I saw one RTF file that was much larger than the others. It was my free-form notes weighing in at 1450 words. It only contained typed content; no photos or anything like that.* I find it odd that macOS tells me that the file is over 3 MB. (Exported to plain text the file became 12 KB.)
While theorizing, I wondered:
-Do RTF files retain history?
-Do RTF files embed lots of extra stuff like font families?
-Are the many Scrivener-created hairlines in this particular file culprits? (Edit > Insert > Horizontal Line > Centered Line)
Just wondering if anyone has insight. Thanks!
*The file did have a couple of pasted photos in it at one point --hence wondering if file history is retained.
This is a interesting theory. Of course your Mac will save old versions of files in the background, that is just something it does. It is likely that a copy of the RTF with the pasted images still exists deep in the Mac, but it’s not going to be zipped in the backup, nor will it show up in “Get Info” when looking at the present-tense version of the file. So ultimately I doubt that is the culprit unless something is different with how your Mac works, compared to mine.

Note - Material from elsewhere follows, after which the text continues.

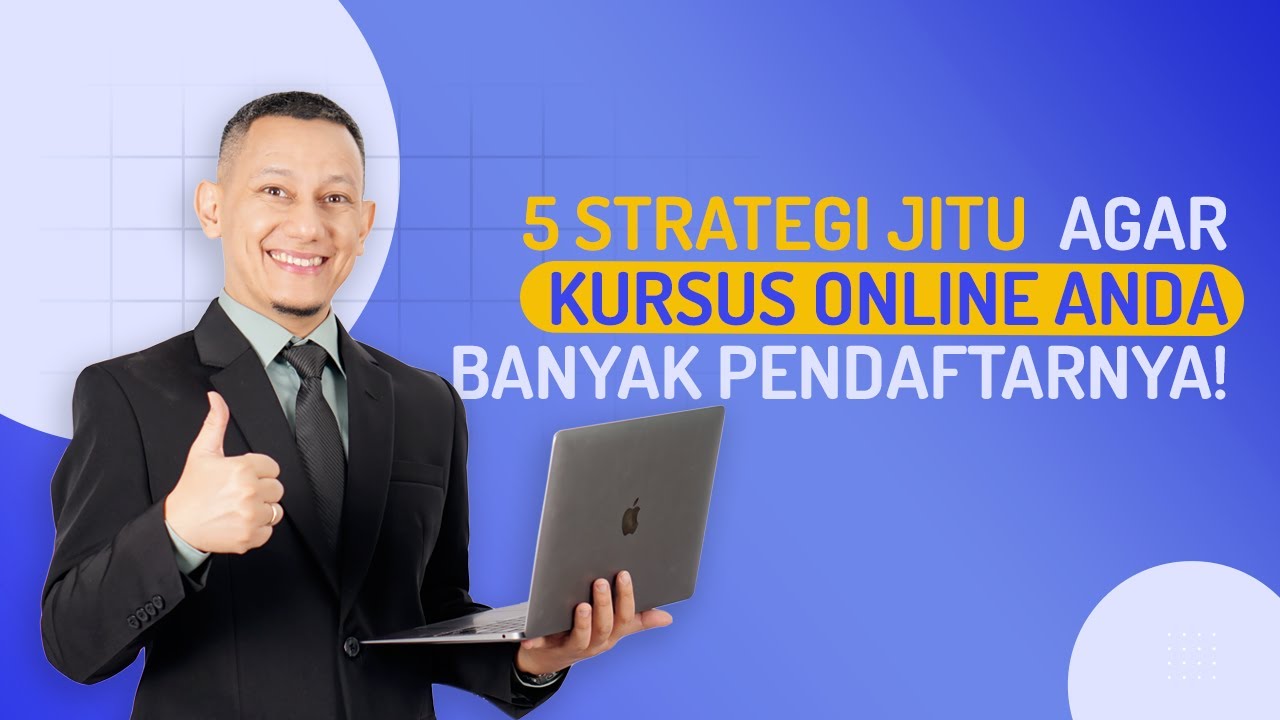 🤫 INI PENTING! 5 STRATEGI JITU AGAR KURSUS ONLINE ANDA BANYAK PENDAFTARNYA!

No, in fact the RTF code produced by the text engine is quite economical by most standards.
If you examine what gets inserted there, you’ll find it is just a bunch of non-breaking spaces with underline formatting. In essence, no more complex than an equivalent amount of alphabetic characters set to underscore, where it comes to bytes in the file.
What I would do is open a copy of the RTF file in a plain-text coding editor. If you don’t have one, enable Display RTF files as RTF code instead of formatted text in TextEdit’s “Open and Save” preferences, then load the file. Scroll through this, and I bet you’ll come across tons of gibberish at some point. Make note of where the gibberish starts in terms of the content you can read, and then load the file normally. Somewhere near that point, you must have an image—maybe a big one that got resized down so tiny you can’t even see it. Selecting the region and retyping it may solve a problem like that.
Thanks. That list bit about using TextEdit to evaluate the file’s inner workings revealed that indeed there was an image attached. And turns out the image showed up when I viewed it as part of a Scrivener project, but it didn’t show up when I extracted the file and viewed the RTF as I described in my original post.
However I removed the image and got it down from 3+MB to less than 25KB.
Lesson learned when haphazardly pasting images into documents. Thanks again.
Okay, some RTF editors (TextEdit is one) will not show inline images, that’s probably what happened. If had exported the file as RTFD from Scrivener, that would have shown the image in TextEdit.